Spending on extra pixels doesn't always pay off
HDTV, retina display,



Flickr/thomashawk

Smaller pixels + more pixels  = greater resolution. This is the dominant theme of electronics these days. Apple has its Retina displays on phones, tablets and laptops. Samsung, Nokia and the others are leapfrogging even the iPhone's resolution. The big buzz in televisions is 4K: screens with four times the resolution of HDTV.

But as I wrote in my Scientific American column this month, there are some substantial footnotes lost in the high-res marketing tsunami. More resolution means bigger, slower downloads. TV shows and software that haven't been upgraded for the higher resolution actually look worse than they did before.

You don't have to take my word for it, though. It turns out that online you can find the math that further explodes the marketing departments' claims that smaller pixels + more pixels = better.

Steve Jobs introduced the Retina display like this: "There's a magic number right around 300 pixels per inch, that when you hold something around to 10 to 12 inches away from your eyes, is the limit of the human retina to differentiate the pixels." In other words, the individual points of light would, theoretically vanish, creating a seamless image.

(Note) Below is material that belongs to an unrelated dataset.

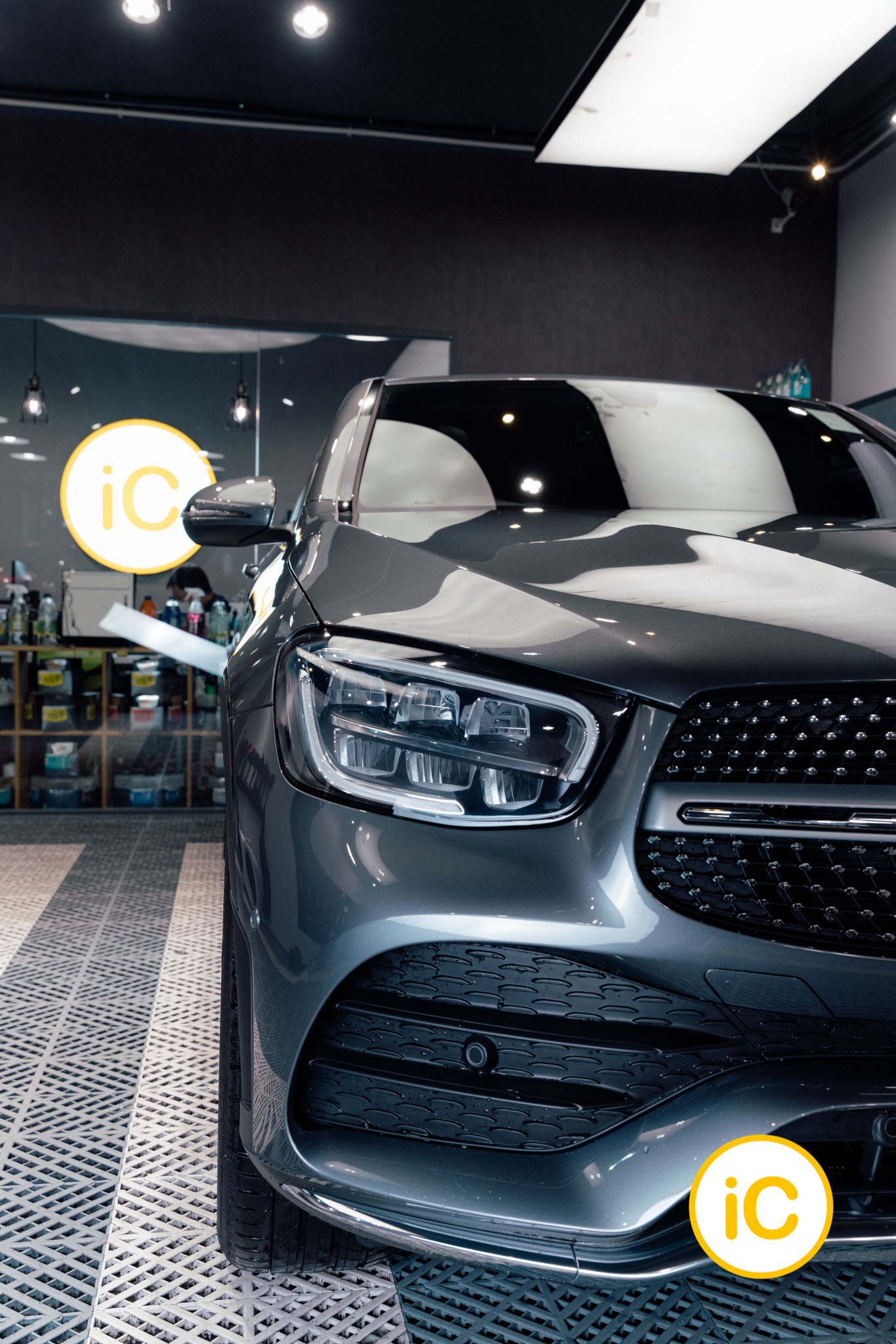 Mercedes-Benz GLC 300 鍍膜 施工作品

But Raymond Soneira, president of DisplayMate Technologies and a frequent critic of screen-makers' marketing claims, calls that "marketing puffery." He says that your eye’s resolution isn't counted in pixels. Instead, your eye is limited by its angular resolution. "The angular resolution of the eye is 0.6 arc minutes per pixel,” he wrote in an e-mail to tech publications in 2010. "So, if you hold an iPhone at the typical 12 inches from your eyes, that works out to 477 pixels per inch." The bottom line: "The iPhone has significantly lower resolution than the [eye's] retina. It actually needs a resolution significantly higher than the retina in order to deliver an image that appears perfect to the retina."

Now, it's worth noting that his analysis wasn't universally accepted. Phil Plait, who spent years calibrating the Hubble Space Telescope's optics, wrote that Soneira's numbers hold true only for people with perfect vision. If you have average eyesight, Jobs's claims are fine. (He also offers a very clear walk-through of the math.)

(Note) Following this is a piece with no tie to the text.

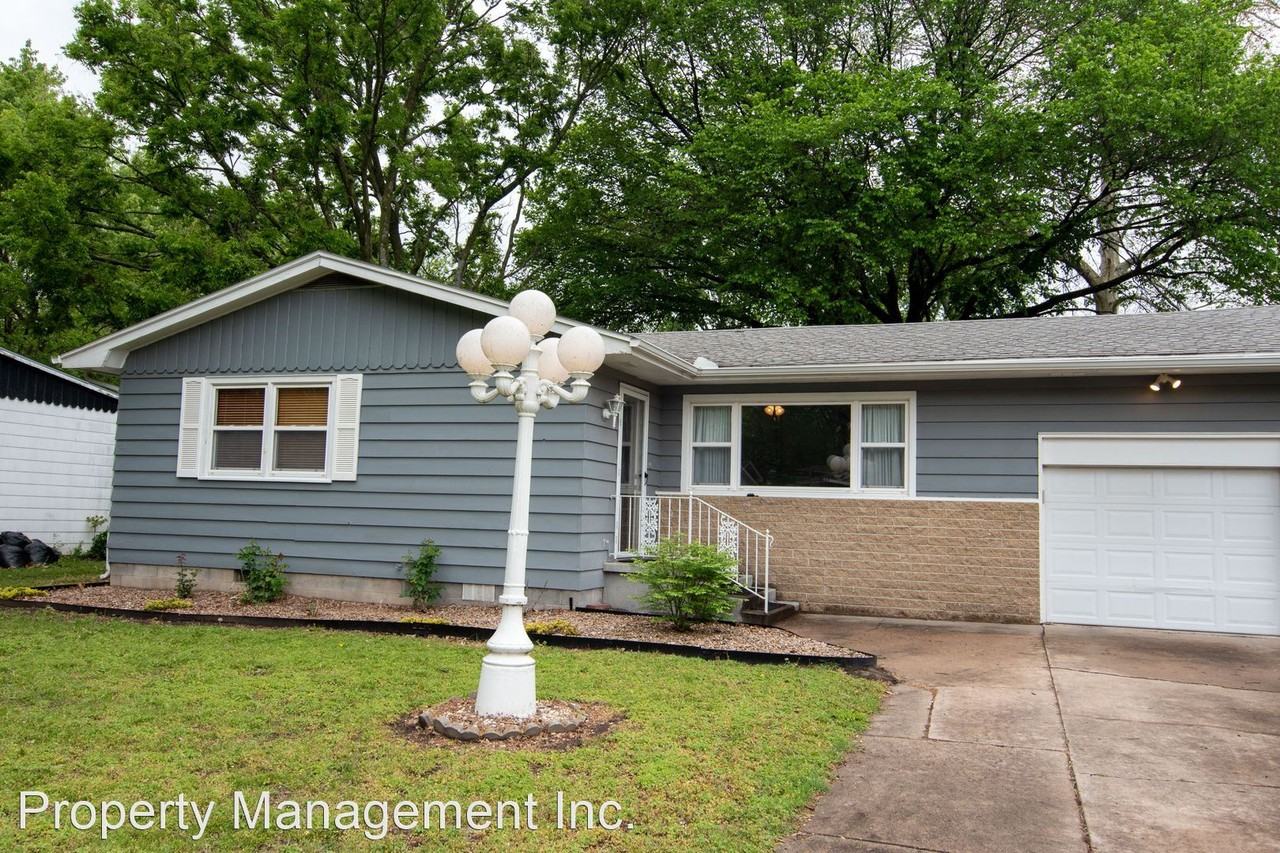 104 Warwick St - Photo 2 of 50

The marketing departments, however, have less wiggle room when it comes to the new age of 4K televisions. Most people already can't see the pixels on an HDTV set at normal seating distance. So what, exactly, is added by quadrupling the resolution?

Either you can make a much bigger TV, or sit much closer.

You can find various mathematical solutions to this problem, but here's one that's typical and also clearly written. Its conclusion: You'd need an 84-inch screen and you'd need to sit 5.5 feet from it to detect any difference in resolution.

Sitting that close, of course, would be absurd. If you had an 84-inch TV, you'd never, ever sit 5.5 feet from it. You'd miss half the movie! You couldn't possibly take in the entire image at that distance. You'd reflexively move back to a more comfortable viewing distance.

Look, most analyses (and just trying it out yourself) point out that you can't even see the difference between 720p and 1080p high definition at normal viewing distances. All analysis establish that 4K, therefore, is a ludicrous concept. It's quadrupling resolution that's already too high for anybody to discern.

In other words, common sense tells you that the resolution wars are indeed marketing puffery—and now you can do the math.